Drug-company stocks were not afforded any of the market’s tranquility Tuesday. They were pummeled after Valeant Pharmaceuticals, which is already facing scrutiny over its business practices, said its strategy of boosting product prices is no longer viable. Every drug company in the S&P 500 fell, and big drugmakers Pfizer and Merck led decliners on the& Dow.

Valeant tumbled $35.53, or 51.5 percent, to $33.51 after it disclosed disappointing fourth-quarter results, cut its forecasts for 2016 and said it could default on its debt. Valeant is being investigated by the Securities and Exchange Commission, and Congress is questioning its practice of acquiring older drugs and raising their prices, a strategy shared by other drugmakers.

Endo International lost $9.51, or 22.6 percent, to $32.57, and Mallinckrodt fell $10.10, or 14.5 percent, to $59.51.

Drugmaker Eli Lilly fell on concerns surrounding the potential approval of a drug designed to treat dementia caused by Alzheimer’s disease. The company said on Tuesday that it is changing the goal of a late-stage trial. Investors worried that the change makes it less likely that regulators will approve the drug. The stock gave up $2.67, or 3.6 percent, to $71.24.

Tech stocks made the biggest gains on Tuesday, led by Apple, which rose $2.06, or 2 percent, to $104.58 after a Morgan Stanley analyst said first-quarter iPhone sales look stronger than Wall Street had expected.

Mining companies fell with metals prices. The price of gold fell $14.10, or 1.1 percent, to $1,231 an ounce. Silver sank 26 cents, or 1.7 percent, to $15.26 an ounce. Copper slipped less than 1 cent to $2.23 a pound.

Energy stocks declined as oil prices fell sharply for the second straight day. Benchmark U.S. crude shed 84 cents, or 2.3 percent, to $36.34 a barrel in New York. Brent crude, the benchmark used to price international oils, lost 79 cents, or 2 percent, to $38.74 per barrel in London.

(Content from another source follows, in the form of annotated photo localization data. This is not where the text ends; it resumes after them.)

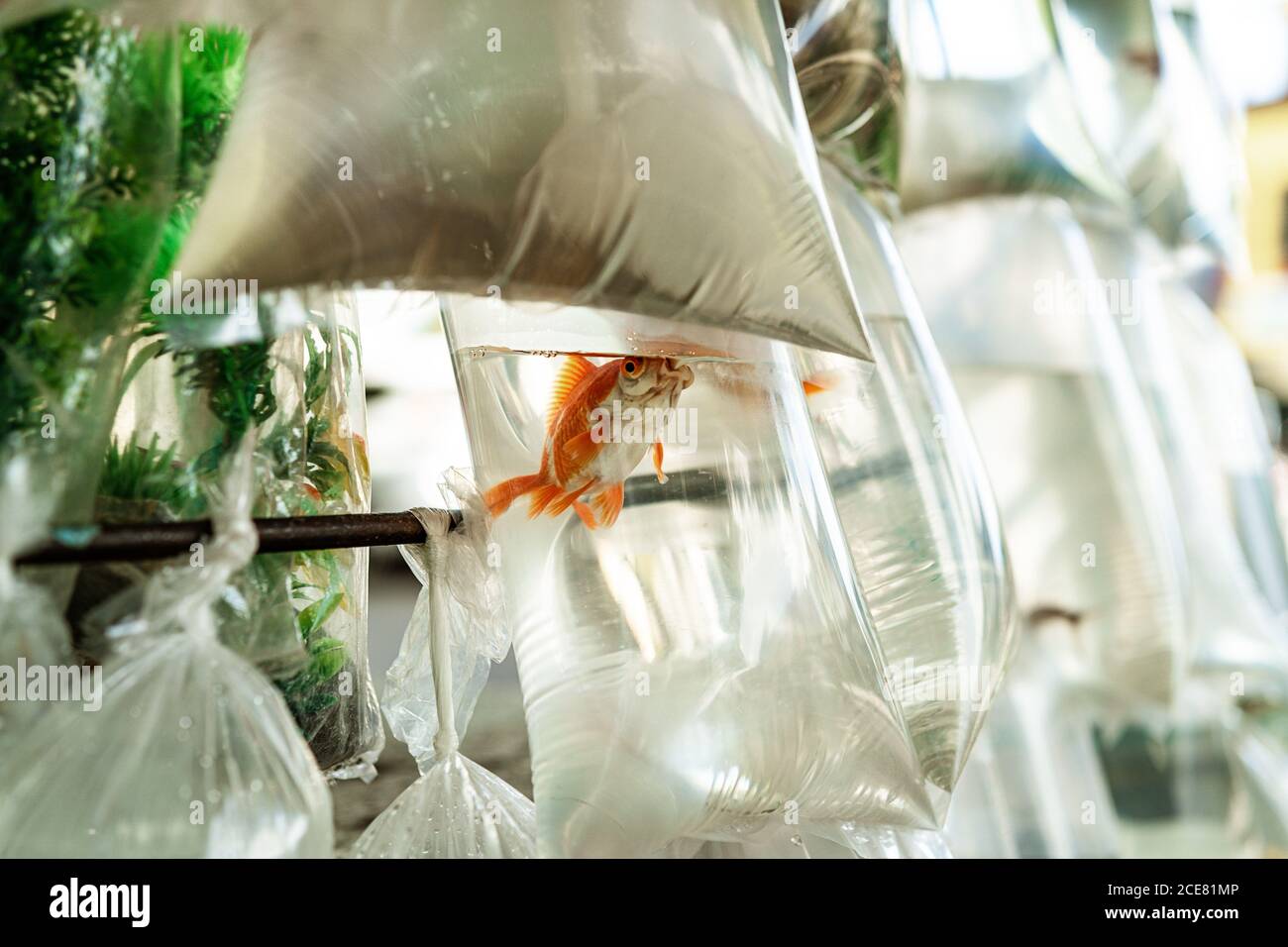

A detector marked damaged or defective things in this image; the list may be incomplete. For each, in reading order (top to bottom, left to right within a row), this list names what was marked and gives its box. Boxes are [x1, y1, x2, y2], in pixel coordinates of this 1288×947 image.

rusty metal rod [15, 510, 461, 562] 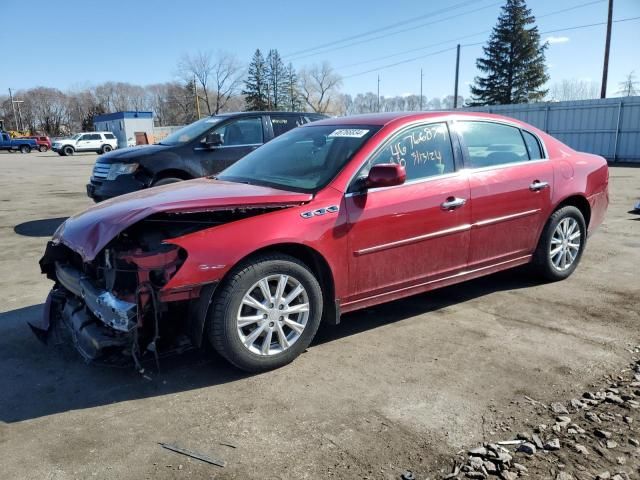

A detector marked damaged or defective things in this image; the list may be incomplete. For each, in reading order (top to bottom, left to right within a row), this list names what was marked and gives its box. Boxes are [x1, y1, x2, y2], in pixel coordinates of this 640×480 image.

crumpled hood [96, 143, 169, 162]
crumpled hood [54, 178, 312, 260]
damaged front end of car [31, 206, 286, 368] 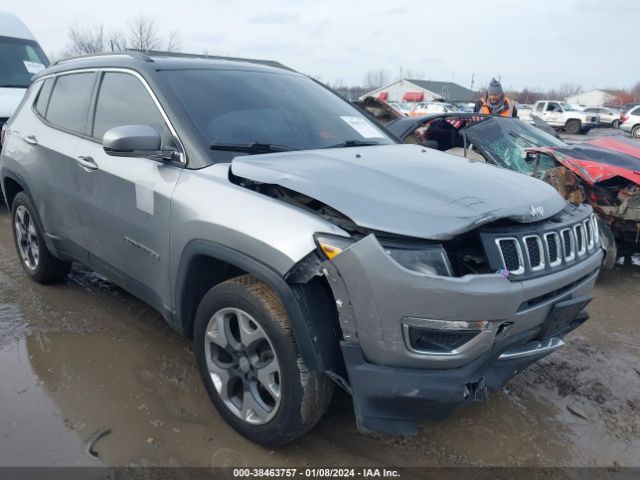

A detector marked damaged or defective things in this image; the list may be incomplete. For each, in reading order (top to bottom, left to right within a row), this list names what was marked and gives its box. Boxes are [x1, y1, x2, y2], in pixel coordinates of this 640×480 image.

crumpled hood [0, 87, 26, 118]
crumpled hood [230, 143, 564, 239]
damaged red vehicle [378, 109, 640, 270]
broken headlight [382, 246, 452, 276] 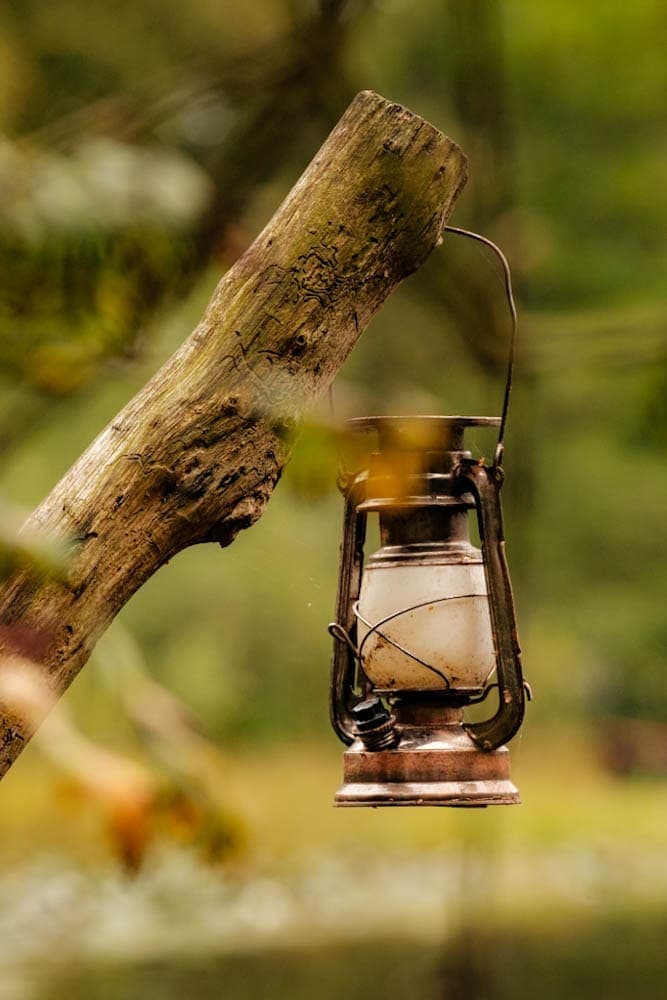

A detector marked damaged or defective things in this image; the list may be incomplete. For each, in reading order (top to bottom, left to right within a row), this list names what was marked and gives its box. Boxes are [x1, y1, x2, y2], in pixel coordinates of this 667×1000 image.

rusty metal handle [460, 460, 528, 752] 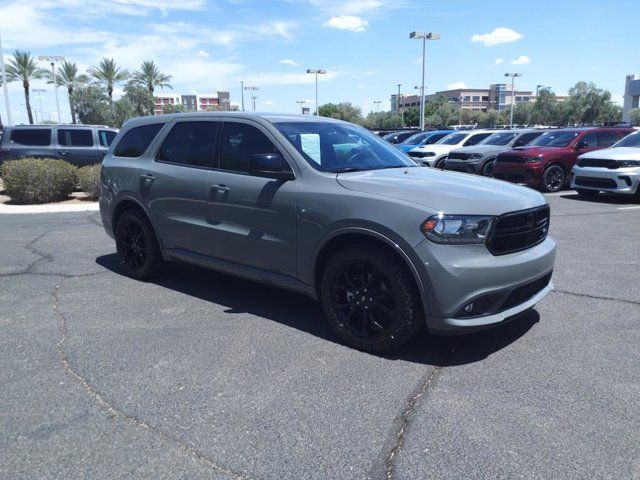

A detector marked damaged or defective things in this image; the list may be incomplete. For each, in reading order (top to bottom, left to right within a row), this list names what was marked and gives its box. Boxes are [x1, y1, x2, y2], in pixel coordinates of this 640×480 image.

pavement crack [552, 288, 640, 308]
pavement crack [51, 280, 255, 478]
pavement crack [378, 342, 462, 480] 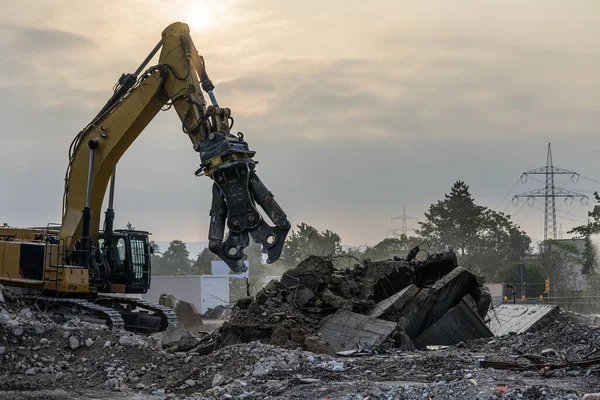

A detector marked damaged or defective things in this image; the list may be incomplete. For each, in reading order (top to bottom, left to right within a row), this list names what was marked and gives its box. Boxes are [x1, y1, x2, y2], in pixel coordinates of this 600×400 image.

broken concrete slab [318, 308, 398, 352]
broken concrete slab [364, 284, 420, 318]
broken concrete slab [380, 268, 478, 340]
broken concrete slab [412, 298, 492, 348]
broken concrete slab [486, 304, 560, 338] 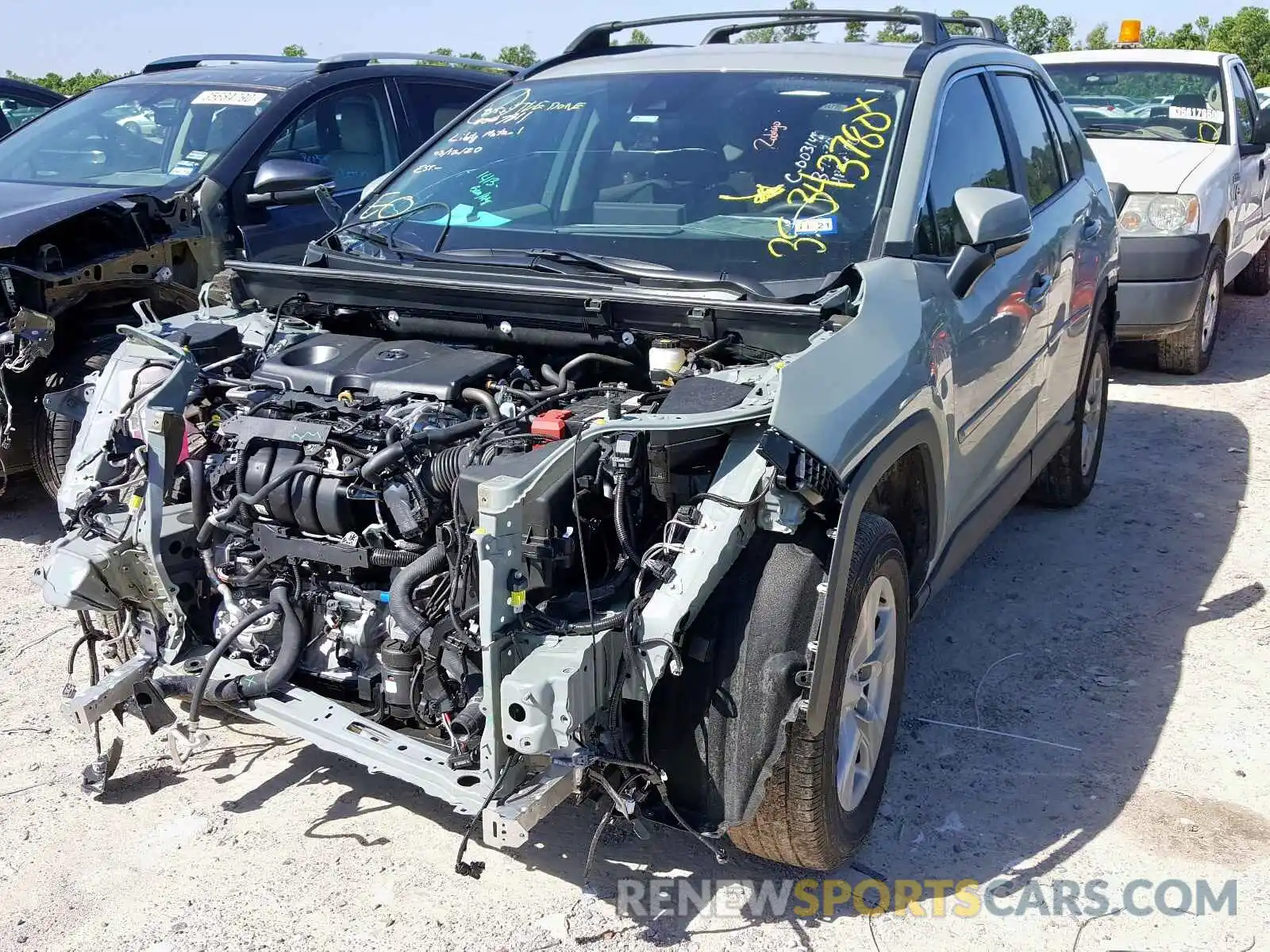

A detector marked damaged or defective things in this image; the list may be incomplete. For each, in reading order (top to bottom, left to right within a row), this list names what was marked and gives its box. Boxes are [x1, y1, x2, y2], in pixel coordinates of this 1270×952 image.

crumpled hood [0, 180, 152, 255]
wrecked vehicle [0, 54, 505, 498]
wrecked vehicle [34, 9, 1118, 869]
damaged toyota rav4 [34, 11, 1118, 876]
crumpled hood [1086, 140, 1213, 195] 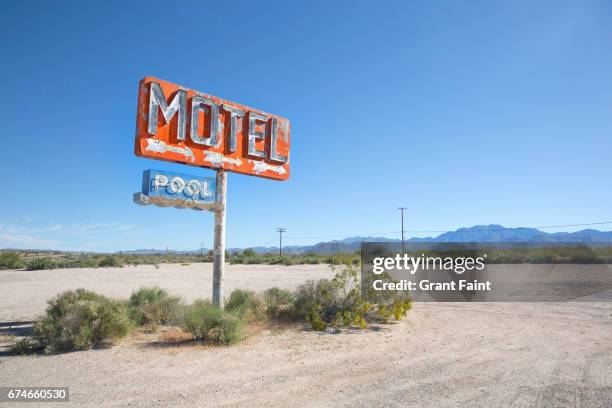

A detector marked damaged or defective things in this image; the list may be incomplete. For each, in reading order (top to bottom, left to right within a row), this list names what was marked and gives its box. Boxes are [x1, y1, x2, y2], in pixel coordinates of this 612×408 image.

rusty metal sign [135, 76, 290, 180] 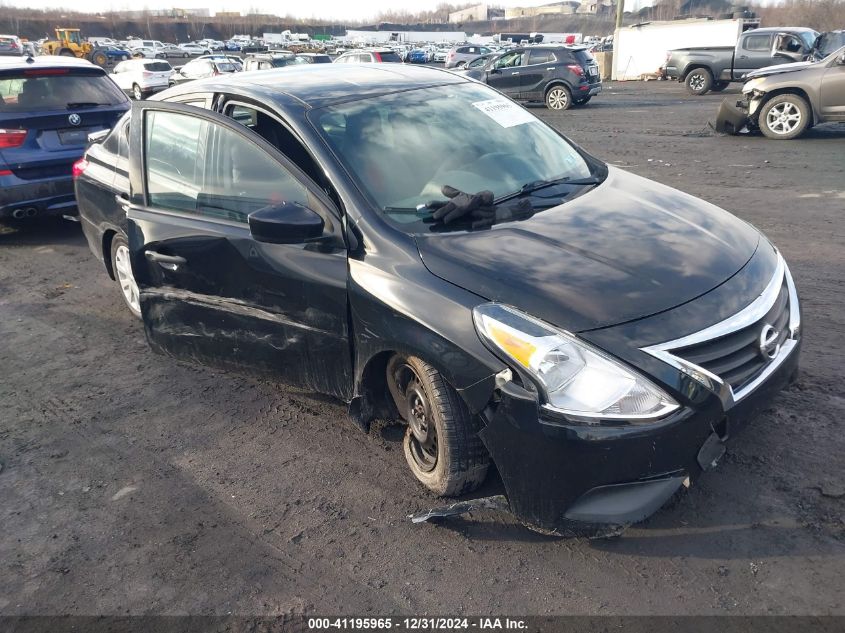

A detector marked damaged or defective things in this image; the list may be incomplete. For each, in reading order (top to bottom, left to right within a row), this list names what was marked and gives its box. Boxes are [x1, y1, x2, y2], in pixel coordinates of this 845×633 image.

damaged nissan suv [76, 65, 800, 532]
damaged front bumper [474, 344, 796, 536] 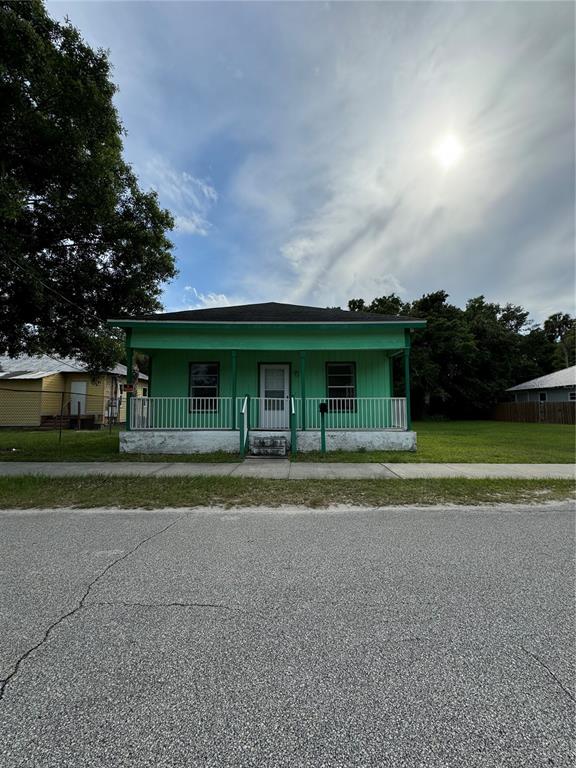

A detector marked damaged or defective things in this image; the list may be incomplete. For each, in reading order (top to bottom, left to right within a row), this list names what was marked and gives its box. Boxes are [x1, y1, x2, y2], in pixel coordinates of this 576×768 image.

crack in asphalt [0, 512, 183, 704]
crack in asphalt [520, 640, 576, 704] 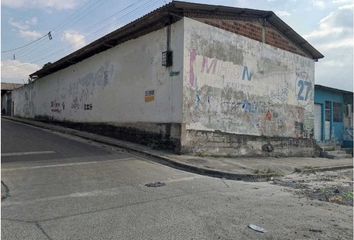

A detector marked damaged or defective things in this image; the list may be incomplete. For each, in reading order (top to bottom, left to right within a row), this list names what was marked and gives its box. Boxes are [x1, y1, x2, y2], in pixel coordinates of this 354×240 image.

cracked pavement [1, 118, 352, 240] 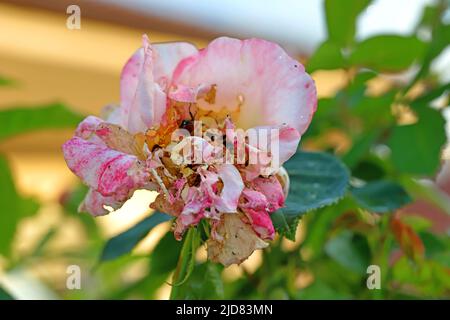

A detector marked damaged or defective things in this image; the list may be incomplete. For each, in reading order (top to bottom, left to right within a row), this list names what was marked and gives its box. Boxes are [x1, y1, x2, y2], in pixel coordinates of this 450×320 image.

damaged pink rose [62, 35, 316, 266] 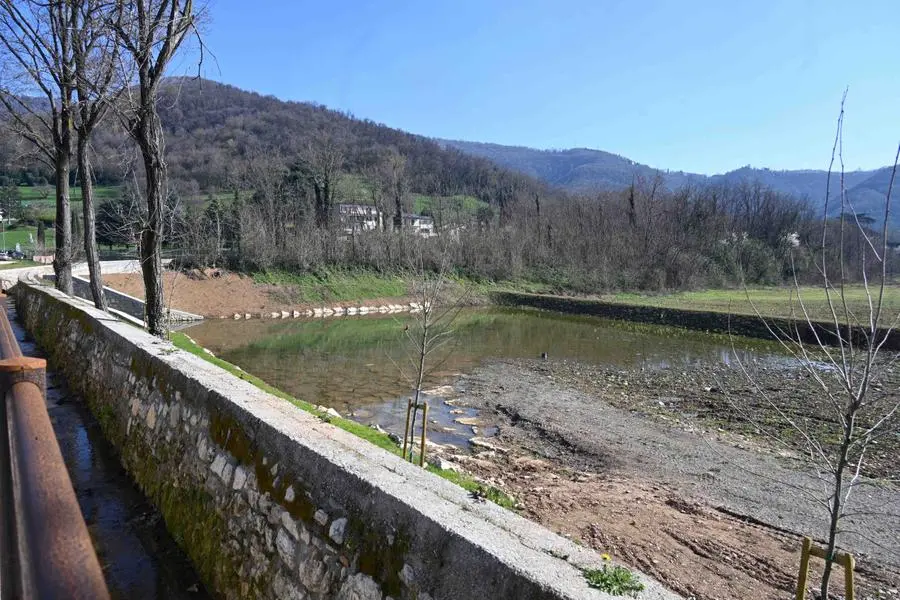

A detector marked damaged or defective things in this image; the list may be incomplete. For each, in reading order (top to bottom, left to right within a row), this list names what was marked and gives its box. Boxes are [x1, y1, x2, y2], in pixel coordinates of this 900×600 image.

rusty metal railing [0, 296, 109, 600] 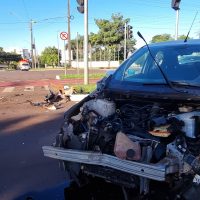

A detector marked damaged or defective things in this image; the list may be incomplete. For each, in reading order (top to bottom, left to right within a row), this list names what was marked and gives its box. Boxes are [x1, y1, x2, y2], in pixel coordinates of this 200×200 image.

In other energy trading, wholesale gasoline slipped 1 cent to $1.41 a gallon. Heating oil fell 2 cents to $1.18 a gallon. Natural gas rose 3 cents, or 1.8 percent, to $1.85 per 1,000 cubic feet.

The Bank of Japan left its monetary policy unchanged Tuesday but downgraded its assessment of conditions in the world’s third-largest economy, citing risks from weaker growth in China and other emerging economies and volatility in financial markets, among other factors. Tokyo’s Nikkei 225 lost 0.7 percent, and Hong Kong’s Hang Seng declined 0.7 percent. Seoul’s Kospi was off 0.1 percent, and the Shanghai Composite Index gained 0.2 percent.

France’s CAC-40 lost 0.8 percent, and Germany’s DAX shed 0.6 percent. Britain’s FTSE 100 declined 0.6 percent.

Bond prices held steady, and the yield on the 10-year U.S. Treasury note remained at 1.96 percent. The euro edged up to $1.1107 from $1.1097, and the dollar slipped to 113.10 yen from 113.80 yen. The British pound fell to $1.4158 amid renewed jitters about the June popular vote on whether to remain in the 28-country European Union. The pound fell to a seven-year low last month.